--- What is expected ---
Please restate the data word for word, leaving out no line.

(Dataset excerpts)
==============================
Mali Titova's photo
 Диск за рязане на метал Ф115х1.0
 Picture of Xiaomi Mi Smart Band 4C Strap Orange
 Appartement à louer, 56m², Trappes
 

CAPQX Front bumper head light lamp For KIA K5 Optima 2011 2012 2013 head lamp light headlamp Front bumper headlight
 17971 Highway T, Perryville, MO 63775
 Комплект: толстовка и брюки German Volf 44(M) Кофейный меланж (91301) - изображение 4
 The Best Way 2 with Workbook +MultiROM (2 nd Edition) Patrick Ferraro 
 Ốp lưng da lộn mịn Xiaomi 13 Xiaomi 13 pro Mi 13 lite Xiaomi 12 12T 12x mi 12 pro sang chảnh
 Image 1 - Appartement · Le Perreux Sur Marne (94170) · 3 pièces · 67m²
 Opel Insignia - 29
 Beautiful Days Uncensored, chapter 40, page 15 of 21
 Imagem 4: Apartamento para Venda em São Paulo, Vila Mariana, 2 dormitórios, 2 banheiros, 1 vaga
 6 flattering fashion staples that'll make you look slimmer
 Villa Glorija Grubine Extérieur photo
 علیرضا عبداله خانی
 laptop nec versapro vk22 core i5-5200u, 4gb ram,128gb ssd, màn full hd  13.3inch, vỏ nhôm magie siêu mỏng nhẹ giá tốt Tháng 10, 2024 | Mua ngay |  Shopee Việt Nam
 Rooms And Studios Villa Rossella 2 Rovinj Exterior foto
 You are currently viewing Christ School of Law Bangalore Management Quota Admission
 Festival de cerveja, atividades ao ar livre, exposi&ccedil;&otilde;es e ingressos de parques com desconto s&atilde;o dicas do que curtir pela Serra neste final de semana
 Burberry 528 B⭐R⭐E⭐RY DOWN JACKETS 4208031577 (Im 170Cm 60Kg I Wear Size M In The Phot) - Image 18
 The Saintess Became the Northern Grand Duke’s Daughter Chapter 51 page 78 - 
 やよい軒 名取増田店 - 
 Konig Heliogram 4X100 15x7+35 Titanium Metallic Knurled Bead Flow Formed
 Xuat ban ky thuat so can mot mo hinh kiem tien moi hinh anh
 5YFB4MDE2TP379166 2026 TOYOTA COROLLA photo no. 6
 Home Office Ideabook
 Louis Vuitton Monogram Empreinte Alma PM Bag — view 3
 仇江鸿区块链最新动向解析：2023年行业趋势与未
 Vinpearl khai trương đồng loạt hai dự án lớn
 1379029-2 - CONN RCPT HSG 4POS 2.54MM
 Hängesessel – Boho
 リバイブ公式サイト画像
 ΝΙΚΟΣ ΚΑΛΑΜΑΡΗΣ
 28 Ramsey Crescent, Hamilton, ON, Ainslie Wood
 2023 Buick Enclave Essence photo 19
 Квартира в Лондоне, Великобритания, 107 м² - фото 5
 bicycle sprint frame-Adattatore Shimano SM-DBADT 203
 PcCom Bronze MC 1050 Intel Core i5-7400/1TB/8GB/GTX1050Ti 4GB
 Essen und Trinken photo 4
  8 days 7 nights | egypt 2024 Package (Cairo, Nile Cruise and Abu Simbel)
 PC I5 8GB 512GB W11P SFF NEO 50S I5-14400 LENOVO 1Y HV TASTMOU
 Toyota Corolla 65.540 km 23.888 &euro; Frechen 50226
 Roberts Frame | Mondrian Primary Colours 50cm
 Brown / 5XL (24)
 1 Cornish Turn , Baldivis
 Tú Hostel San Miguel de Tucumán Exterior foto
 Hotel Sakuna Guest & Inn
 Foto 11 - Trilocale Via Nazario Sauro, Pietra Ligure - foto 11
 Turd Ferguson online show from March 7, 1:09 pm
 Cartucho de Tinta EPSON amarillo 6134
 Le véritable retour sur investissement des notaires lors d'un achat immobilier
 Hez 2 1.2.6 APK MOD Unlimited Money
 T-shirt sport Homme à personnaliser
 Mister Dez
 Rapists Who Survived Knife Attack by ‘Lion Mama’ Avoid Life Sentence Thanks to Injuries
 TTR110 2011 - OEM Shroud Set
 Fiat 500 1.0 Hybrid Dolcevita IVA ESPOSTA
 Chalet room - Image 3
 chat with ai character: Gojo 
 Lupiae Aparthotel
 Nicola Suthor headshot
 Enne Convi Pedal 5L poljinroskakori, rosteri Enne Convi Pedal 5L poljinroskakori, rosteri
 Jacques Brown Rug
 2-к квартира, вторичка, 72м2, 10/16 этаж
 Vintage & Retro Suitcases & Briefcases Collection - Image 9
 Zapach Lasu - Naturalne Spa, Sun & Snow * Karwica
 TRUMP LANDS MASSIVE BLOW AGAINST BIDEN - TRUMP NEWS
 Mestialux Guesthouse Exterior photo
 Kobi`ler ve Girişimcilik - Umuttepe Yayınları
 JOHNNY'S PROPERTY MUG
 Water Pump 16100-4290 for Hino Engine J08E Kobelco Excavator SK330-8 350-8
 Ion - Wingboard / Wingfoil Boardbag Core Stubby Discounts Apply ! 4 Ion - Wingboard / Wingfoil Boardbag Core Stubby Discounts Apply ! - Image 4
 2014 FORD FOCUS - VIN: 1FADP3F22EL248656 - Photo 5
==============================
--- Your response ---
Mali Titova's photo
 Диск за рязане на метал Ф115х1.0
 Picture of Xiaomi Mi Smart Band 4C Strap Orange
 Appartement à louer, 56m², Trappes
 

CAPQX Front bumper head light lamp For KIA K5 Optima 2011 2012 2013 head lamp light headlamp Front bumper headlight
 17971 Highway T, Perryville, MO 63775
 Комплект: толстовка и брюки German Volf 44(M) Кофейный меланж (91301) - изображение 4
 The Best Way 2 with Workbook +MultiROM (2 nd Edition) Patrick Ferraro 
 Ốp lưng da lộn mịn Xiaomi 13 Xiaomi 13 pro Mi 13 lite Xiaomi 12 12T 12x mi 12 pro sang chảnh
 Image 1 - Appartement · Le Perreux Sur Marne (94170) · 3 pièces · 67m²
 Opel Insignia - 29
 Beautiful Days Uncensored, chapter 40, page 15 of 21
 Imagem 4: Apartamento para Venda em São Paulo, Vila Mariana, 2 dormitórios, 2 banheiros, 1 vaga
 6 flattering fashion staples that'll make you look slimmer
 Villa Glorija Grubine Extérieur photo
 علیرضا عبداله خانی
 laptop nec versapro vk22 core i5-5200u, 4gb ram,128gb ssd, màn full hd  13.3inch, vỏ nhôm magie siêu mỏng nhẹ giá tốt Tháng 10, 2024 | Mua ngay |  Shopee Việt Nam
 Rooms And Studios Villa Rossella 2 Rovinj Exterior foto
 You are currently viewing Christ School of Law Bangalore Management Quota Admission
 Festival de cerveja, atividades ao ar livre, exposi&ccedil;&otilde;es e ingressos de parques com desconto s&atilde;o dicas do que curtir pela Serra neste final de semana
 Burberry 528 B⭐R⭐E⭐RY DOWN JACKETS 4208031577 (Im 170Cm 60Kg I Wear Size M In The Phot) - Image 18
 The Saintess Became the Northern Grand Duke’s Daughter Chapter 51 page 78 - 
 やよい軒 名取増田店 - 
 Konig Heliogram 4X100 15x7+35 Titanium Metallic Knurled Bead Flow Formed
 Xuat ban ky thuat so can mot mo hinh kiem tien moi hinh anh
 5YFB4MDE2TP379166 2026 TOYOTA COROLLA photo no. 6
 Home Office Ideabook
 Louis Vuitton Monogram Empreinte Alma PM Bag — view 3
 仇江鸿区块链最新动向解析：2023年行业趋势与未
 Vinpearl khai trương đồng loạt hai dự án lớn
 1379029-2 - CONN RCPT HSG 4POS 2.54MM
 Hängesessel – Boho
 リバイブ公式サイト画像
 ΝΙΚΟΣ ΚΑΛΑΜΑΡΗΣ
 28 Ramsey Crescent, Hamilton, ON, Ainslie Wood
 2023 Buick Enclave Essence photo 19
 Квартира в Лондоне, Великобритания, 107 м² - фото 5
 bicycle sprint frame-Adattatore Shimano SM-DBADT 203
 PcCom Bronze MC 1050 Intel Core i5-7400/1TB/8GB/GTX1050Ti 4GB
 Essen und Trinken photo 4
  8 days 7 nights | egypt 2024 Package (Cairo, Nile Cruise and Abu Simbel)
 PC I5 8GB 512GB W11P SFF NEO 50S I5-14400 LENOVO 1Y HV TASTMOU
 Toyota Corolla 65.540 km 23.888 &euro; Frechen 50226
 Roberts Frame | Mondrian Primary Colours 50cm
 Brown / 5XL (24)
 1 Cornish Turn , Baldivis
 Tú Hostel San Miguel de Tucumán Exterior foto
 Hotel Sakuna Guest & Inn
 Foto 11 - Trilocale Via Nazario Sauro, Pietra Ligure - foto 11
 Turd Ferguson online show from March 7, 1:09 pm
 Cartucho de Tinta EPSON amarillo 6134
 Le véritable retour sur investissement des notaires lors d'un achat immobilier
 Hez 2 1.2.6 APK MOD Unlimited Money
 T-shirt sport Homme à personnaliser
 Mister Dez
 Rapists Who Survived Knife Attack by ‘Lion Mama’ Avoid Life Sentence Thanks to Injuries
 TTR110 2011 - OEM Shroud Set
 Fiat 500 1.0 Hybrid Dolcevita IVA ESPOSTA
 Chalet room - Image 3
 chat with ai character: Gojo 
 Lupiae Aparthotel
 Nicola Suthor headshot
 Enne Convi Pedal 5L poljinroskakori, rosteri Enne Convi Pedal 5L poljinroskakori, rosteri
 Jacques Brown Rug
 2-к квартира, вторичка, 72м2, 10/16 этаж
 Vintage & Retro Suitcases & Briefcases Collection - Image 9
 Zapach Lasu - Naturalne Spa, Sun & Snow * Karwica
 TRUMP LANDS MASSIVE BLOW AGAINST BIDEN - TRUMP NEWS
 Mestialux Guesthouse Exterior photo
 Kobi`ler ve Girişimcilik - Umuttepe Yayınları
 JOHNNY'S PROPERTY MUG
 Water Pump 16100-4290 for Hino Engine J08E Kobelco Excavator SK330-8 350-8
 Ion - Wingboard / Wingfoil Boardbag Core Stubby Discounts Apply ! 4 Ion - Wingboard / Wingfoil Boardbag Core Stubby Discounts Apply ! - Image 4
 2014 FORD FOCUS - VIN: 1FADP3F22EL248656 - Photo 5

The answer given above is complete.